• Aim of the exercise:
Your task is to return exactly the lines that run from the one containing "- Dubai Office" through the end of the listing below, without any pictures.

• Supplied entries:
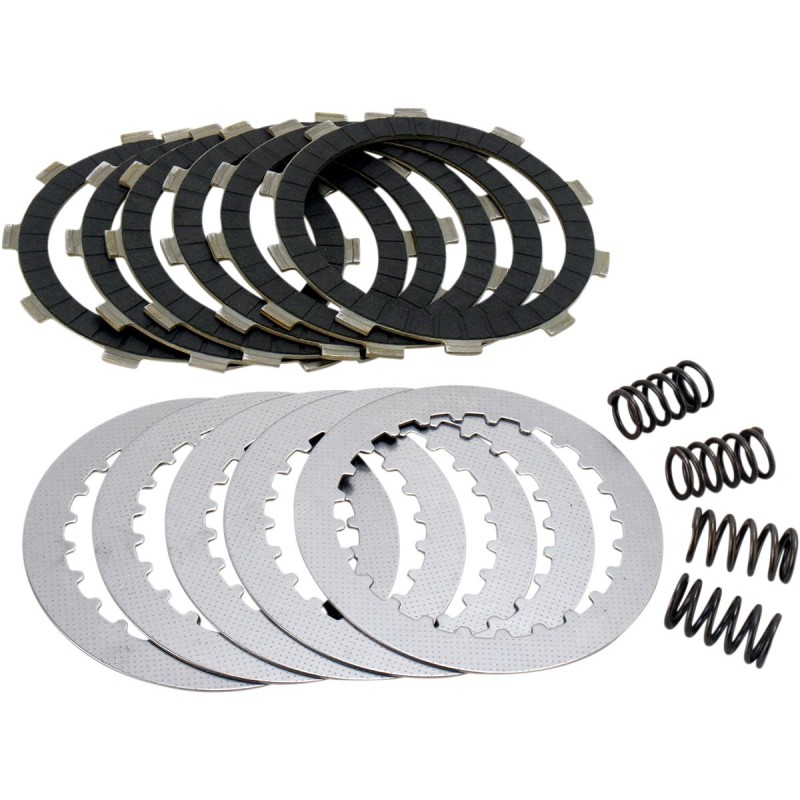 Kit complet de disque d'embrayage racing HONDA XR 250 R 86-95 Ebc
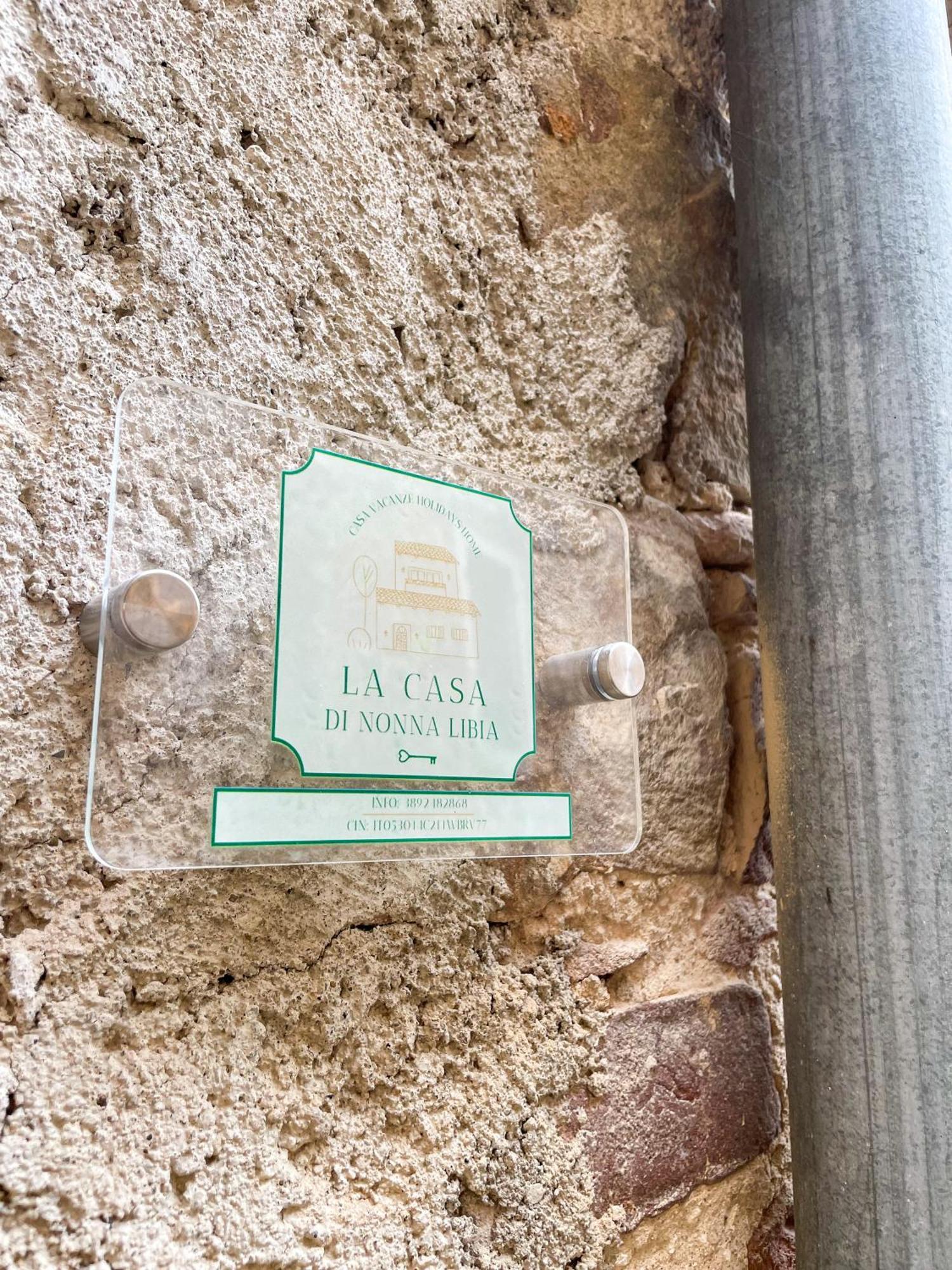 Casa Vacanze La Casa Di Nonna Libia Vicino Saturnia Монтемерано Екстериор снимка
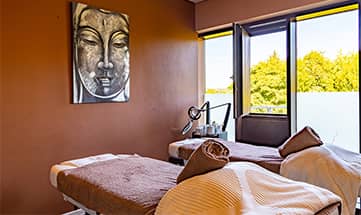 Anwendungsraum für Ayurveda-Anwendungen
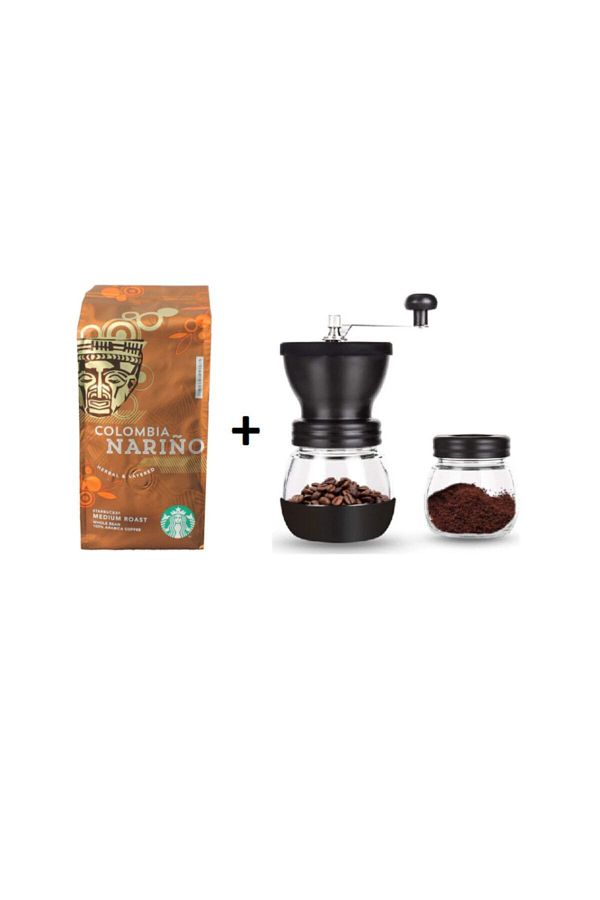 Starbucks Core Coffee 250 gr Coffee Grinder Trendyol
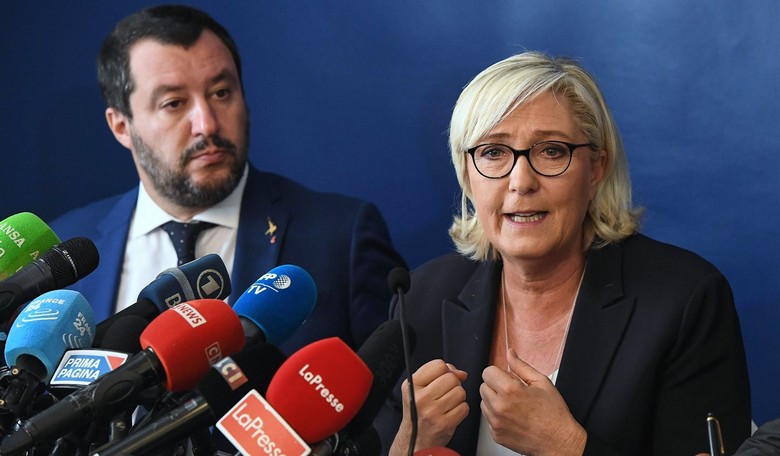 The Globalist Authoritarians Are Playing With Fire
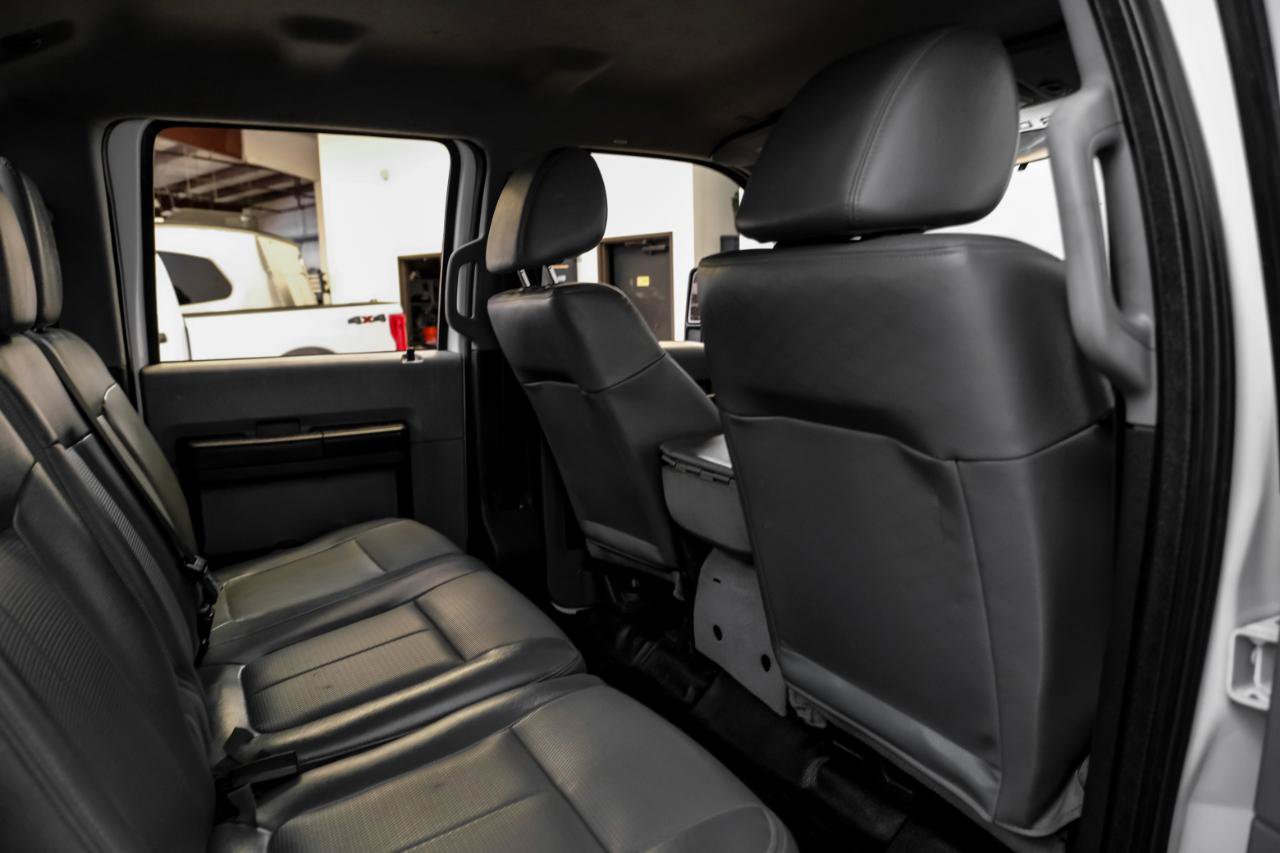 Used 2016 Ford F550 4x4 Crew Cab Super Duty image 30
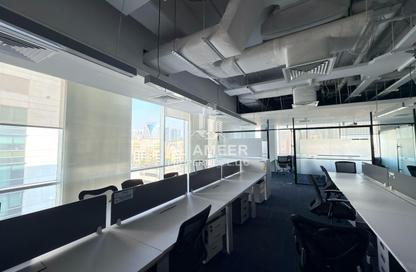 Office Space - Studio - 1 for rent in Emaar Business Park Building 4 - Emaar Business Park - Sheikh Zayed Road - Dubai Office Space - Studio - 1 for rent in Emaar Business Park Building 4 - Emaar Business Park - Sheikh Zayed Road - Dubai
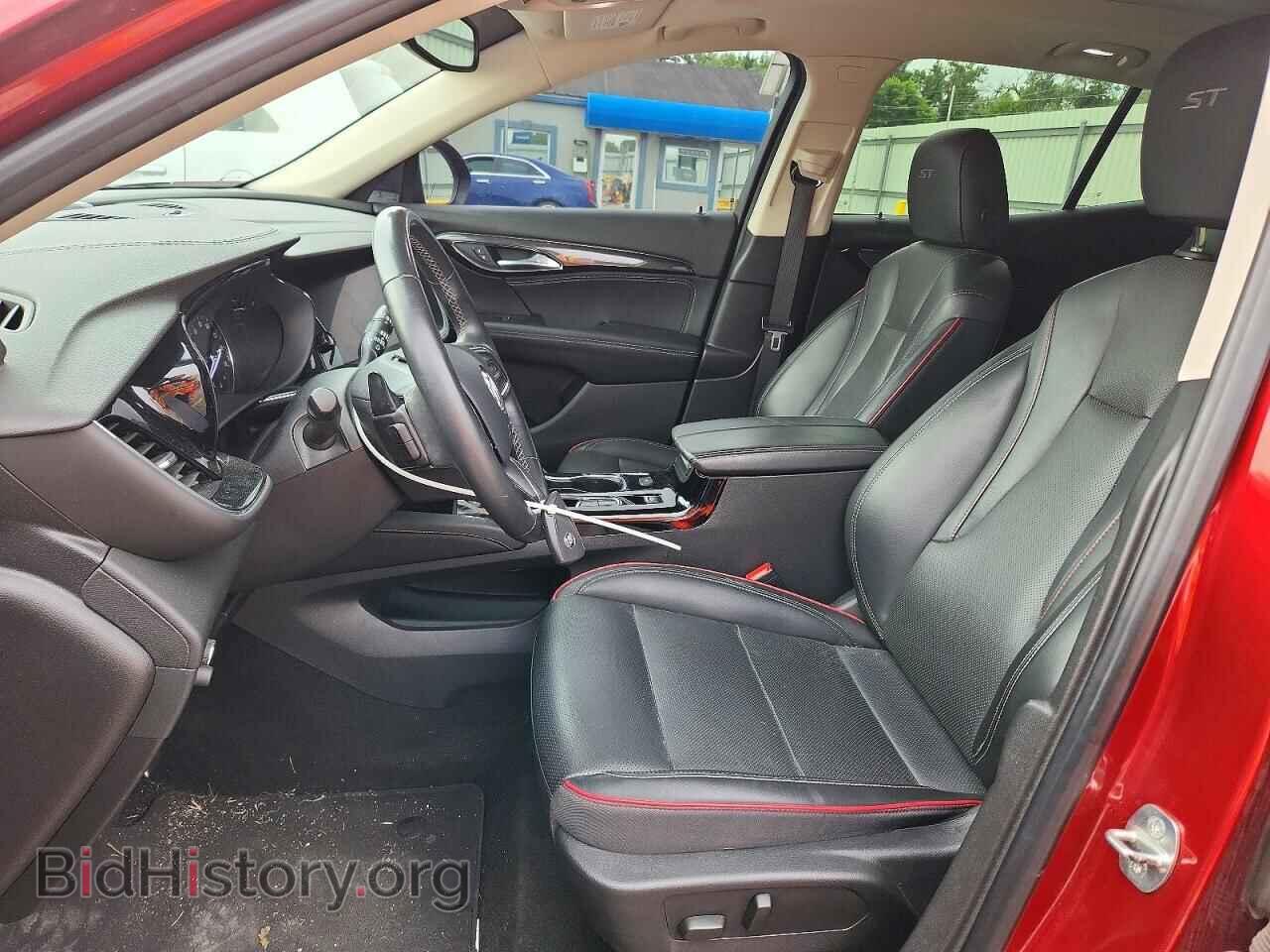 2023 BUICK ENVISION - VIN: LRBFZPR48PD040665 - Photo 7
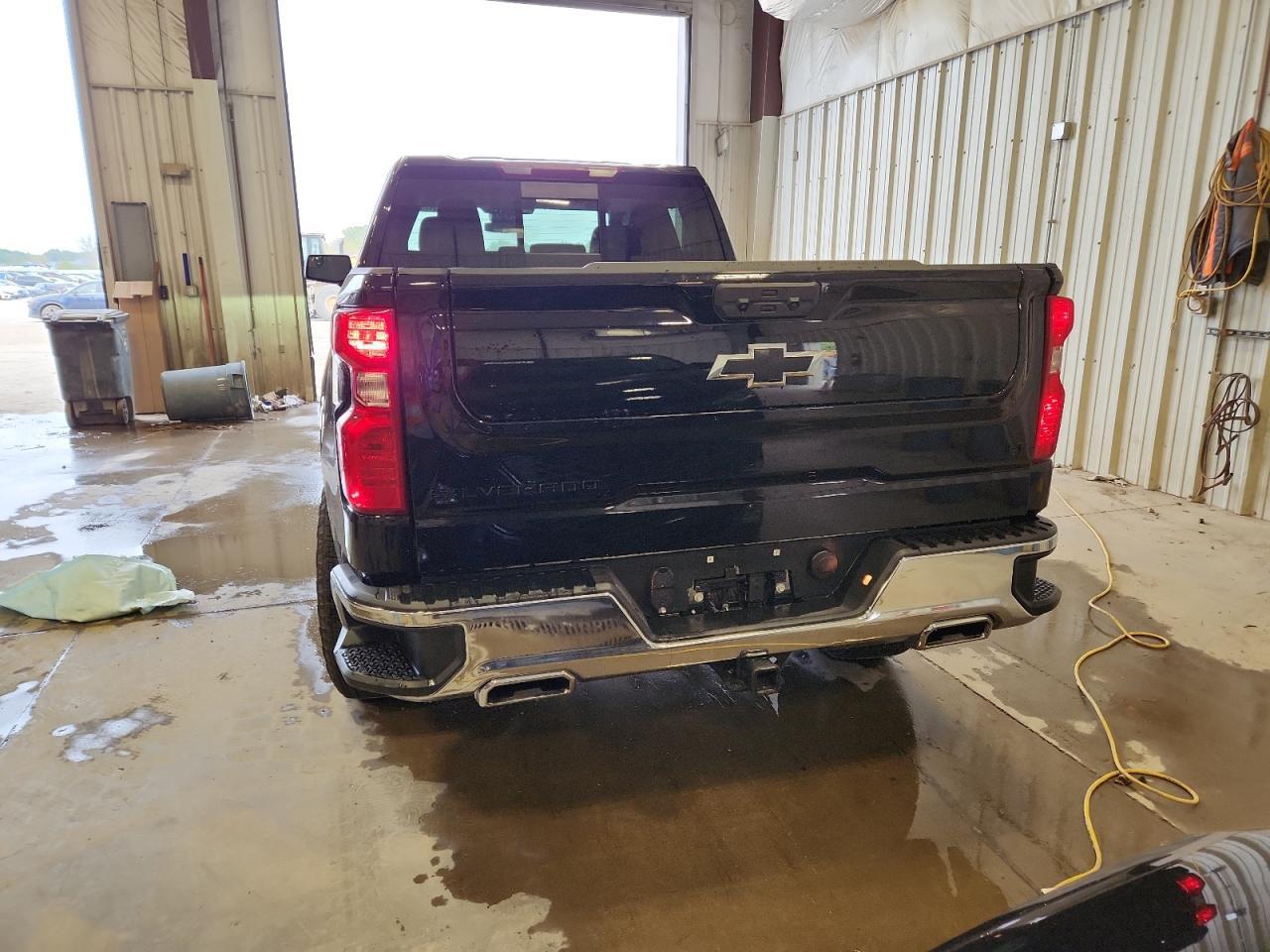 2025 Chevrolet Silverado K1500 Lt - Фото 6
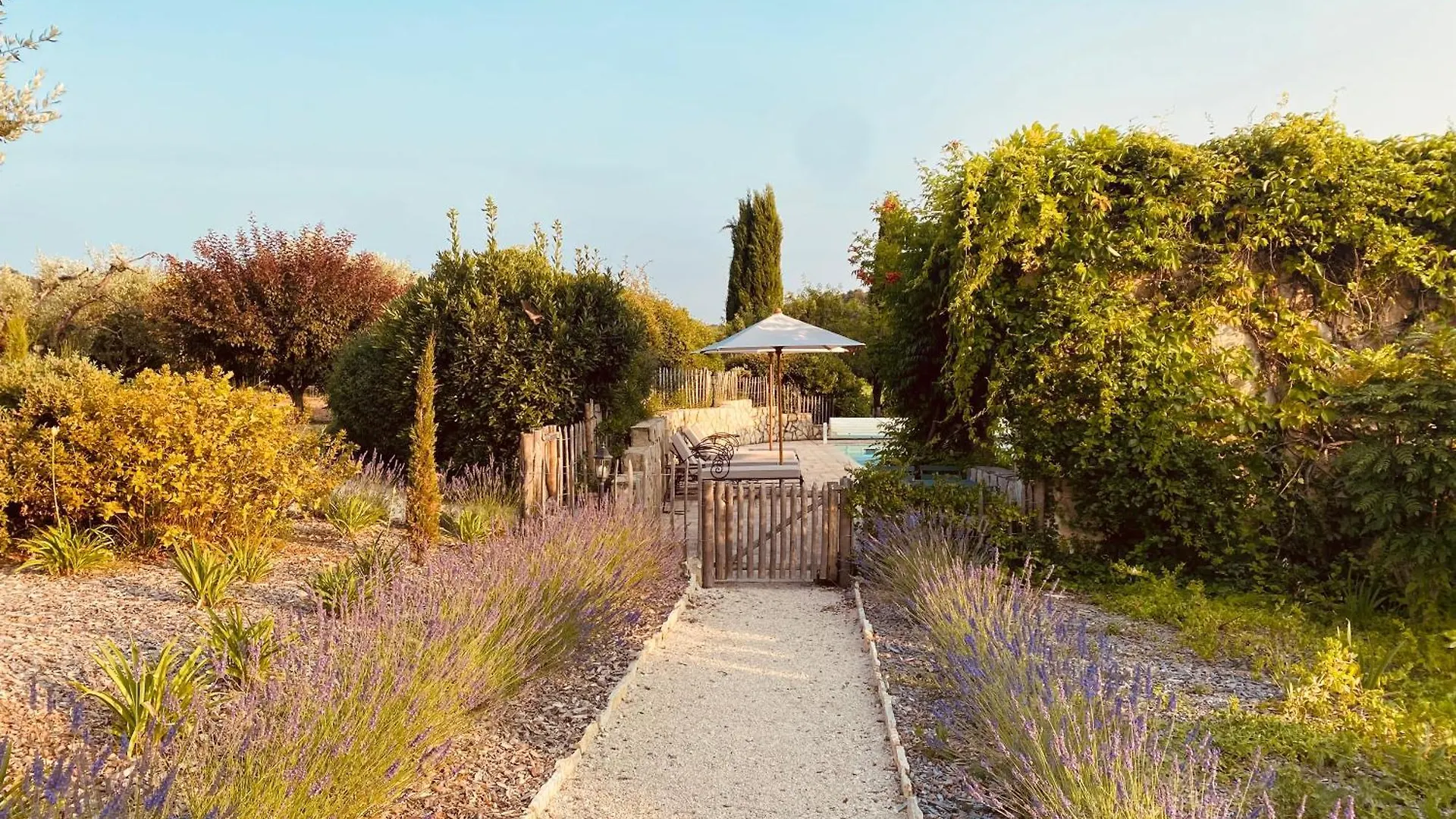 Hébergement de vacances Villa La Bastide des Oliviers - Mirabel aux Baronnies France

• Expected output:
 Office Space - Studio - 1 for rent in Emaar Business Park Building 4 - Emaar Business Park - Sheikh Zayed Road - Dubai Office Space - Studio - 1 for rent in Emaar Business Park Building 4 - Emaar Business Park - Sheikh Zayed Road - Dubai
 2023 BUICK ENVISION - VIN: LRBFZPR48PD040665 - Photo 7
 2025 Chevrolet Silverado K1500 Lt - Фото 6
 Hébergement de vacances Villa La Bastide des Oliviers - Mirabel aux Baronnies France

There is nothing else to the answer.